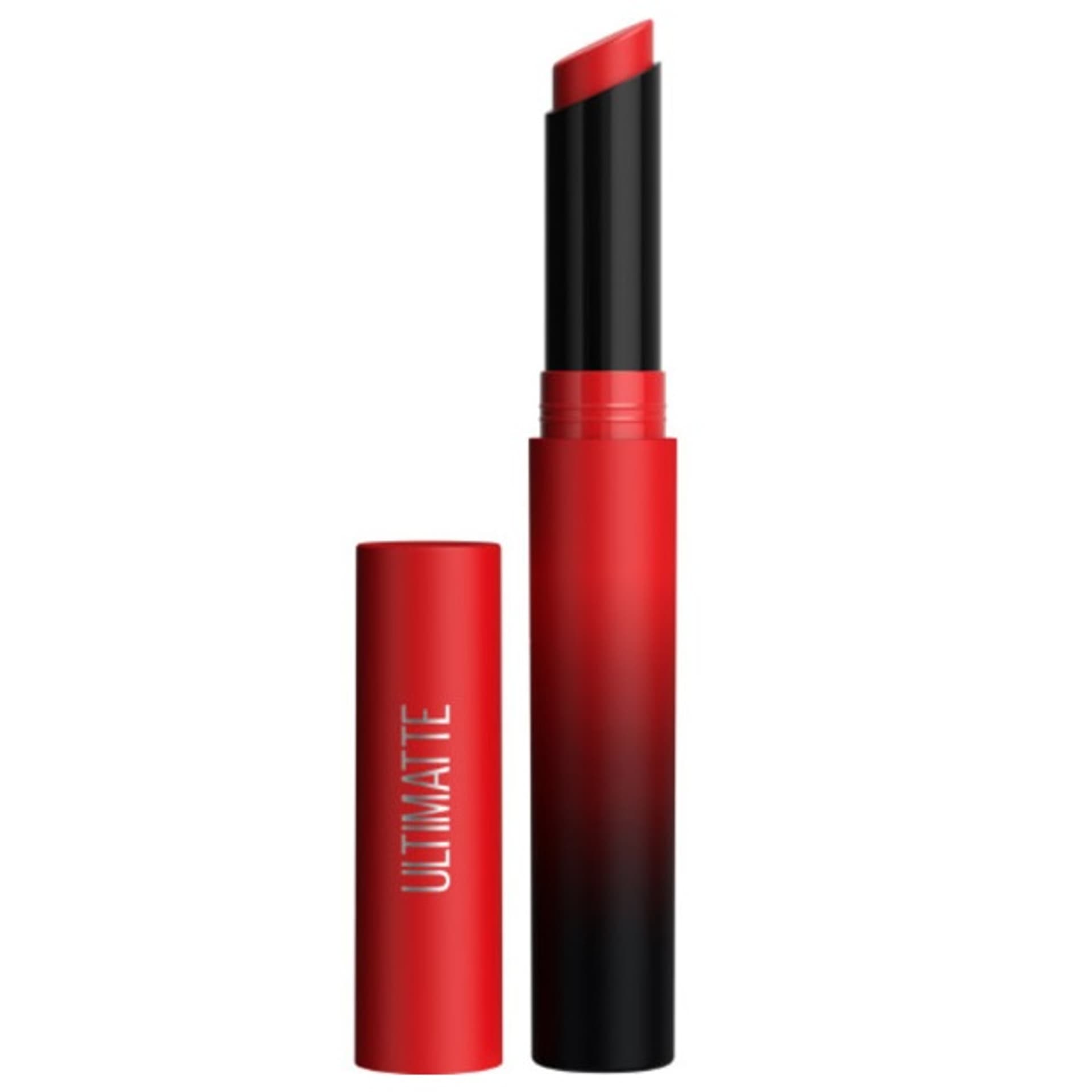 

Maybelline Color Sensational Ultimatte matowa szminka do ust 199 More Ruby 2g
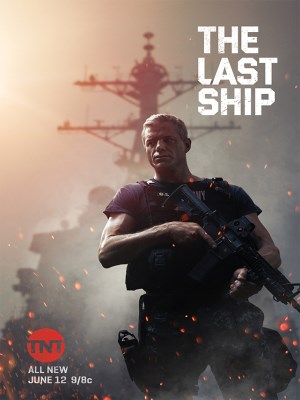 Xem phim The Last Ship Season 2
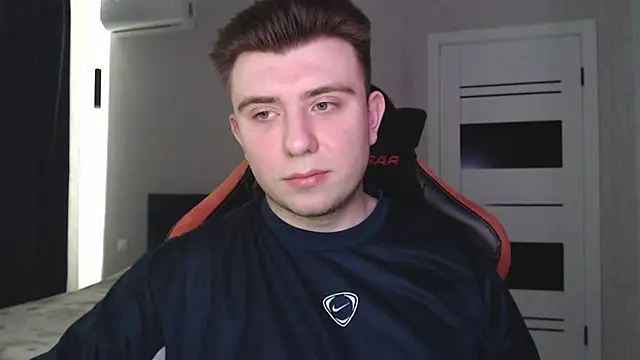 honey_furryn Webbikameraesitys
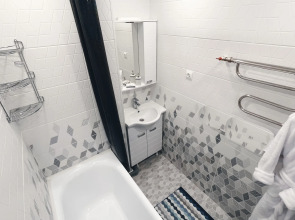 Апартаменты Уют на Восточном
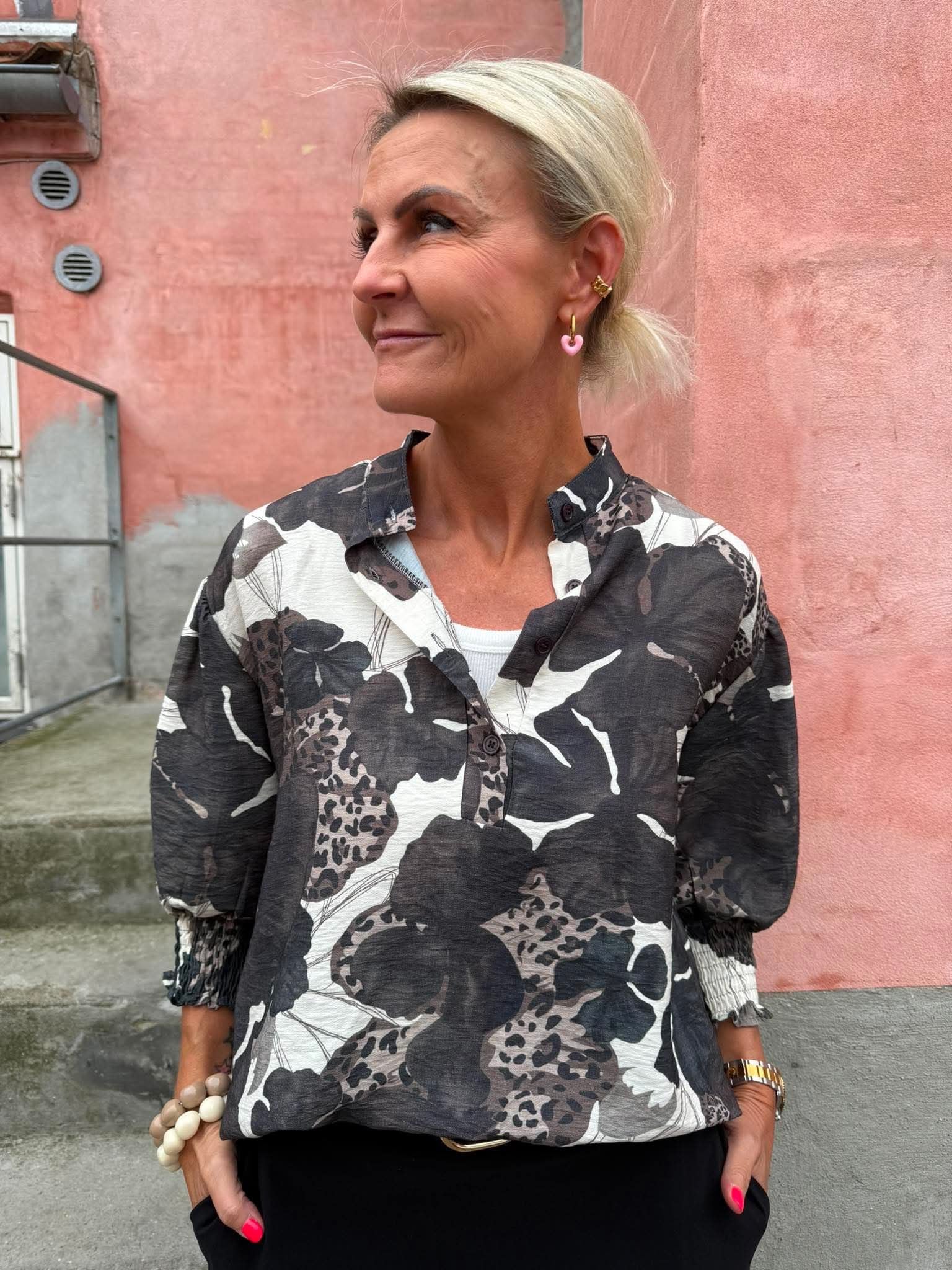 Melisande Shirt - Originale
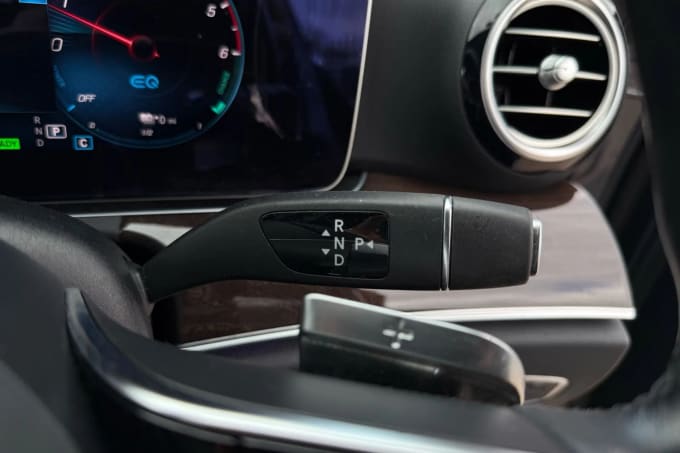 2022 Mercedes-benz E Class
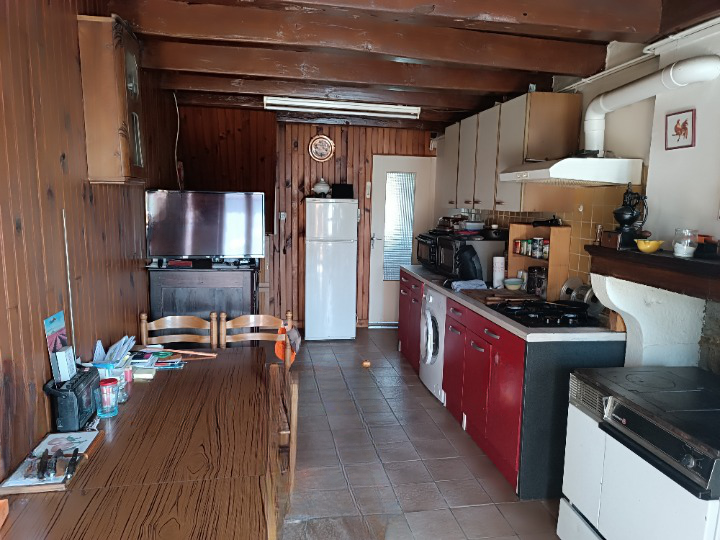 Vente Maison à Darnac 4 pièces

---

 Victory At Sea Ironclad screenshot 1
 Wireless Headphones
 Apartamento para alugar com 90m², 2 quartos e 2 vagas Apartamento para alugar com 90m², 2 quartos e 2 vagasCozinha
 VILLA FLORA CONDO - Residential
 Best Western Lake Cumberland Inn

...

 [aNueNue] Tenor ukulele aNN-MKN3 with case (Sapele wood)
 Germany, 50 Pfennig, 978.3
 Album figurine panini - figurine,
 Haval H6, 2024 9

### ACTION ITEM
What is needed is an exact copy of the lines above from the one with "Maybelline Color Sensational" to the one with "2022 Mercedes-benz E Class", both ends kept, and nothing more; please leave the pictures out.

### COMPLETED EXERCISE
Maybelline Color Sensational Ultimatte matowa szminka do ust 199 More Ruby 2g
 Xem phim The Last Ship Season 2
 honey_furryn Webbikameraesitys
 Апартаменты Уют на Восточном
 Melisande Shirt - Originale
 2022 Mercedes-benz E Class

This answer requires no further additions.